AIの使い手は、何も本店職員に限定する必要はない。セキュリティさえしっかり整備すれば、支店職員が使えるし、そのほうがより業務の効率化が進む。朝日信用金庫では支店専用の端末も用意するという。

さらにタブレットとAIシステムをつなげれば、営業担当者が外出先からAIシステムにアクセスできるようになる。

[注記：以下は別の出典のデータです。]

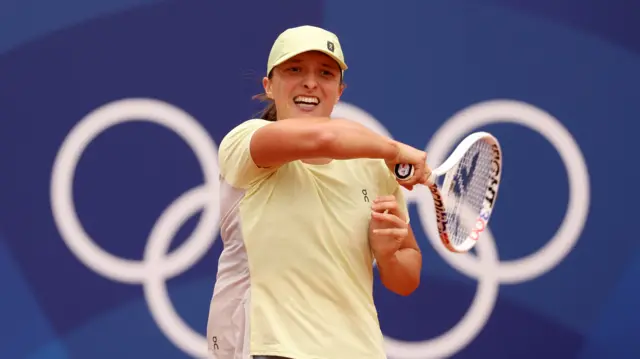 Iga Swiatek plays a shot in practice with the Olympic rings in the background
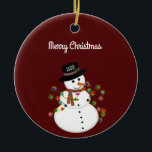 Dated Merry Christmas Snowman Personalised Ceramic Tree Decoration<br><div class="desc">Cute snowman is tangled with lit Christmas lights, has the year on his hat - The "Merry Christmas" text above can be changed or added to, and the font style/size can also be changed. Shown on a deep red background, which can be changed to any colour you prefer. The ornament...</div>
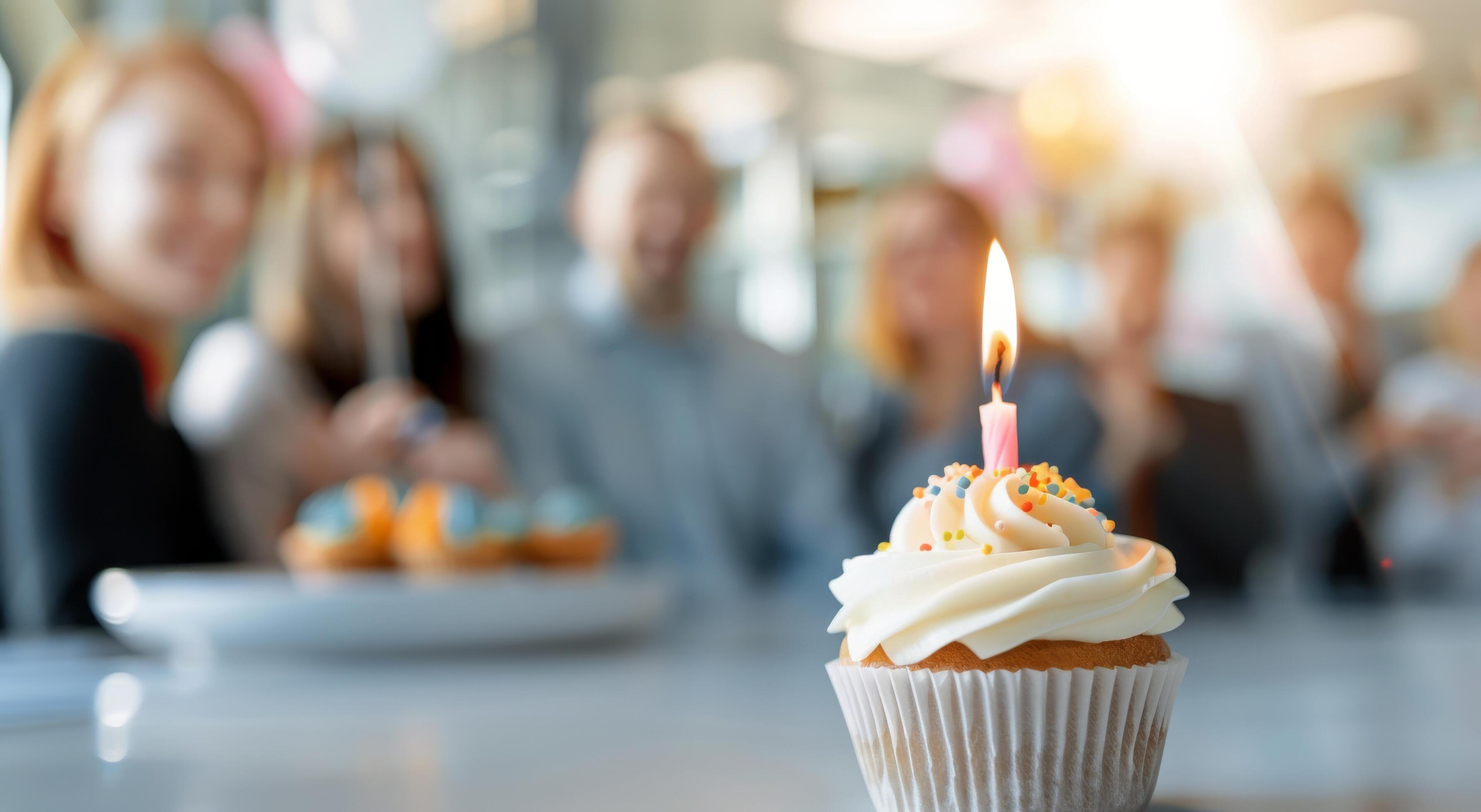 
									Birthday Cupcake With Colleagues in Background Stock Free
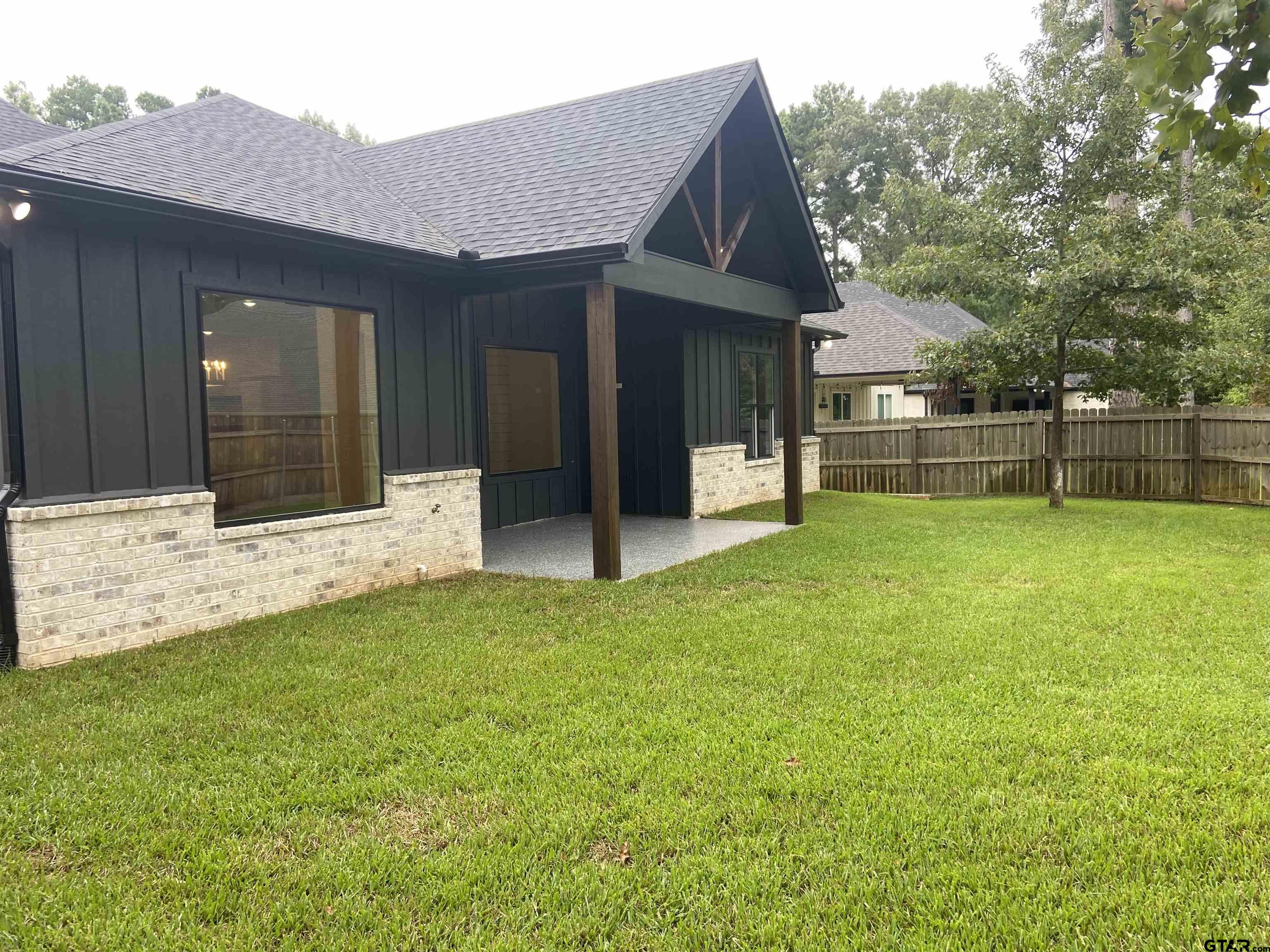 18690 Windjammer Place Flint, TX 75762 - Photo 46 of 47 a view of a house with a yard and a large tree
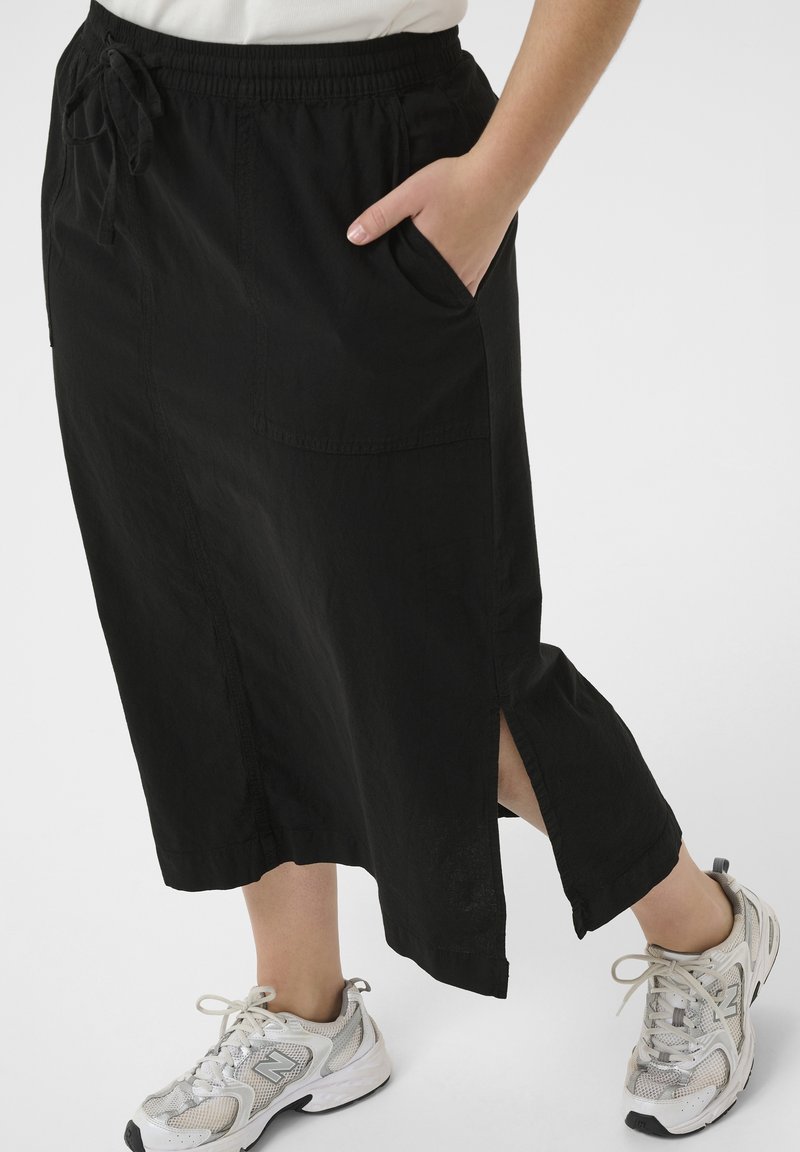 Personne portant une jupe midi noire avec une fente latérale et des poches, associée à des baskets blanches de sport. Une main repose dans la poche.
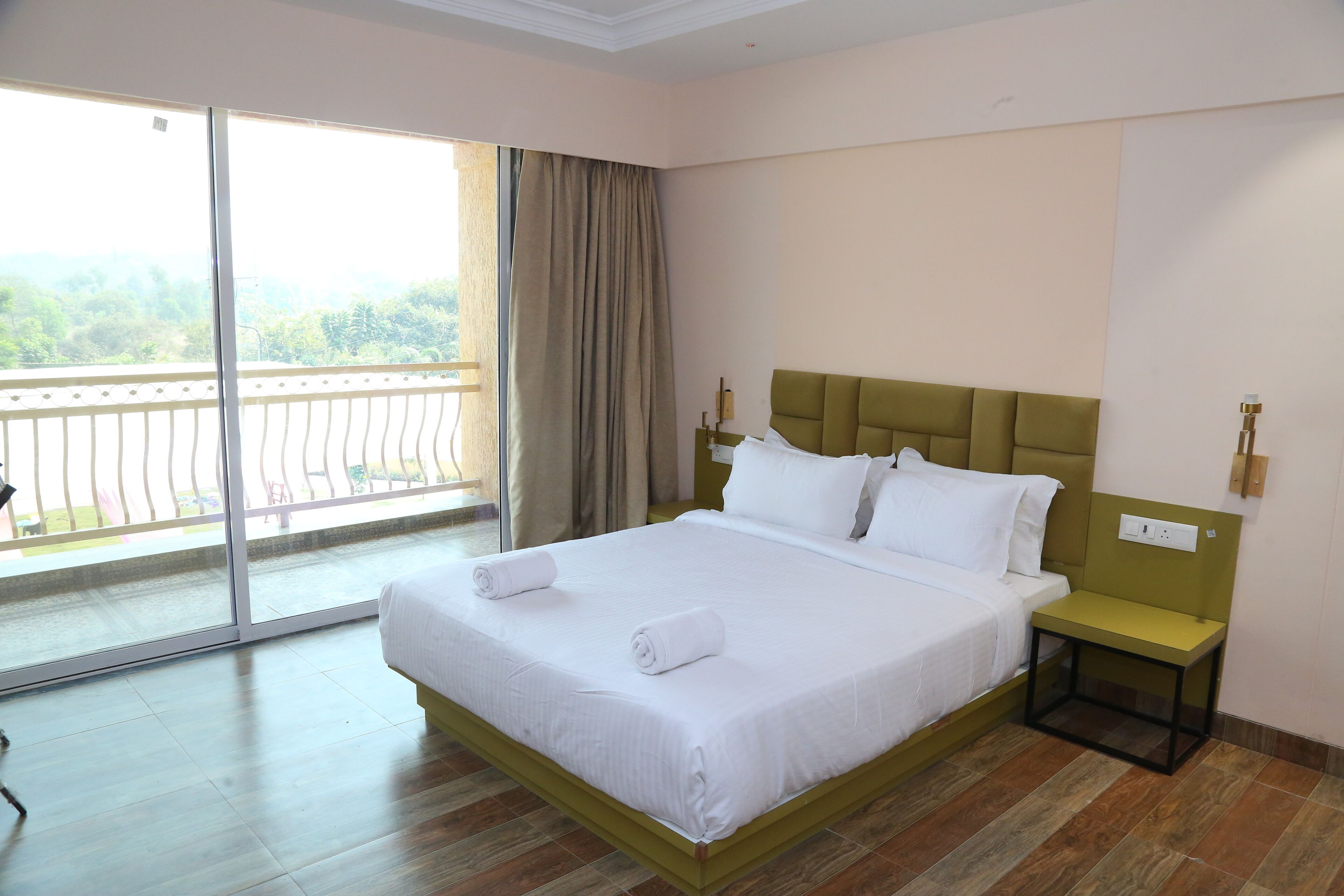 Habitación de hotel con una cama grande, una mesita de noche, un ventanal con vistas a la vegetación y un balcón.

こうなると、全職員が「先輩職員」や「上司」を手元に持つようなものである。若い職員は気兼ねなく何度もAIに問い合わせすることができるし、先輩社員や上司は若い職員の教育業務を減らすことができ、その分顧客サービスに専念できる。

金融機関のAI化は、働き改革に通じる。

まとめ~絶対に間違えられないお金の計算には最適

金融機関が「儲けられない体質」をAIで乗り切ろうとする姿を紹介した。金融機関の危機感と、AIソリューションのポテンシャルが合致した形だ。

しかしコンピュータは数字の扱いが得意なので、「お金という数字」を扱う金融機関の業務は実はAIと相性がよい。資産管理サービス信託銀行株式会社(TCSB)の事例のように、紙に書かれた数字をデータ化できれば、後はAIが一気に省力化してくれる。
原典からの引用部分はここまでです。